非構造化データは一般に、顧客分析やマーケティングインテリジェンスアプリケーションに利用可能であるが未だ実際に活用されていないリソースとして認識されています。非構造化データからの価値の抽出には大きな可能性がありますが、その複雑さと生成される情報量の多さから、まず非構造化データの管理方法を革命的に進化させる必要があるでしょう。企業は、自らが保有する非構造化ファイルにスムーズにアクセスし、処理し、管理できる方法を必要としています。

非構造化データはどのように役立つか

非構造化データを分析や意思決定に効果的に取り入れることができれば、組織に新たな視点をもたらし、新たなビジネスチャンスを創出できます。非構造化データで実現できることの例をいくつかご紹介します。
  • ソーシャルメディア上で特定の製品について話している顧客の地域等の属性を特定することでソーシャルメディア上の顧客行動を分析し、ターゲットを絞ったマーケティングキャンペーンを展開する。
  • 画像ファイルに機械学習(ML)を自動的に適用してパターン認識を実行することにより、自動車保険の申請処理を迅速化する。
  • コールセンターの音声記録を分析し、センチメント分析などのマーケティングインサイトを引き出す。
  • 医師の手書きメモをスキャンして臨床試験の候補としての適性を示す用語を抽出し、その情報を構造化データと結合することで臨床試験の候補者をより早く特定して登録できるようにする。

非構造化データの管理および分析における課題

従来のデータ管理システム(データウェアハウスやデータレイク)では、現在のデータ量、速度、多様な形式に対するすべてのワークロード要求に対応しきれません。結果としてこれらのシステムには、さまざまなタイプのデータ(構造化、半構造化、非構造化)に対応する目的でそれぞれ異なるタイプのツールを追加しなければならなくなります。

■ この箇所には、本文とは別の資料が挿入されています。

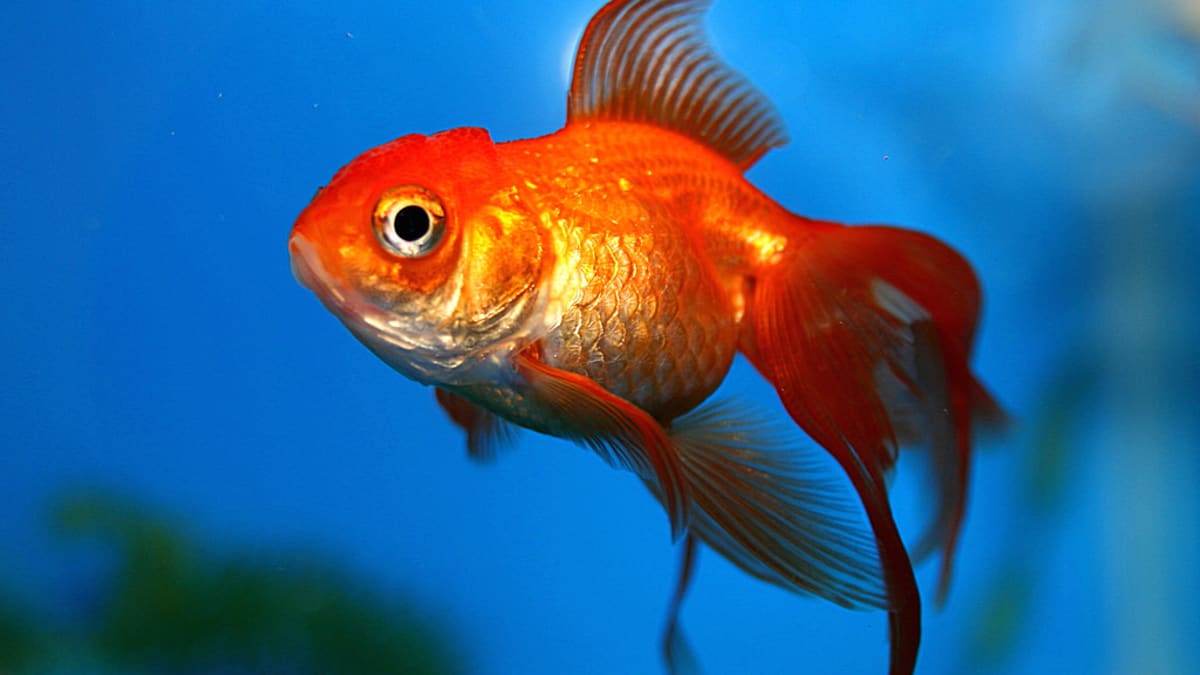 What Is the Average Life Span of a Goldfish; Everything You Need to Know - Fumi Pets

パブリッククラウドプロバイダーが提供するBlobストレージサービス(Amazon S3やAzure Blob Containersなど)が、非構造化データファイルのデフォルトのストレージとなっています。しかし、分析のユースケースに関しては、多くの制約があります。たとえば、Blobストレージ内のファイルのリストアップは難しく、実行できるのはプレフィックスベースの検索に限られてしまいます。データ保存の指針となる正式なテーブルベースやファイルベースの整理系統がなければ、これらのサービスによる非構造化データへの一貫したアクセス、管理、コントロール、検索、およびセキュリティの確保は非常に困難になります。

非構造化データの複雑性

非構造化データは、本質的に複雑で、分析しにくいものです。保存されている非構造化データはさまざまに異なるファイル形式で構成されているため、集められた情報を意味のある形で把握することは容易ではありません。

音声や動画のメディアファイルを含む非構造化データの場合、他のデータ形式やデータセットとの結合も困難です。これらの問題点により、サイロ化が生じたりデータが活用しきれないといった状況に陥ります。データがサイロ化していると、可視性が低くなることでクエリの効果が限定的となり、一部のデータにはまったくアクセスできなくなります。

データ処理の問題点

異なるバラバラなデータ管理ツールやシステムに依存していると、データパイプラインが複雑で入り組んだものとなり、分析の性能が低下します。PDFファイルからテキストを抽出したり、画像認識ソフトを使って非構造化データを構造化データに変換する作業は煩雑で計算負荷が高く、処理時間が長くなりがちです。非構造化データの管理をレガシーソリューションに依存した状態では、データパイプラインの不具合や、データ移動ではデータを頻繁に別の場所にコピーするためエラーが発生しやすいといった処理上の問題が発生します。こうした障壁はデジタルイノベーションを阻害し、意図したデータ運用効果を達成できないため、組織の目標を実現できなくなります。

ガバナンスとセキュリティの不確定要素

大量の複雑な非構造化データを従来のデータシステムの硬直したアーキテクチャで処理しようとすると、データアクセスの管理が非常に困難になります。これは、データの種類やユーザーの役割に応じてアクセスしなければならない場合に特に顕著となります(「ゼロトラスト」のセキュリティ管理要件)。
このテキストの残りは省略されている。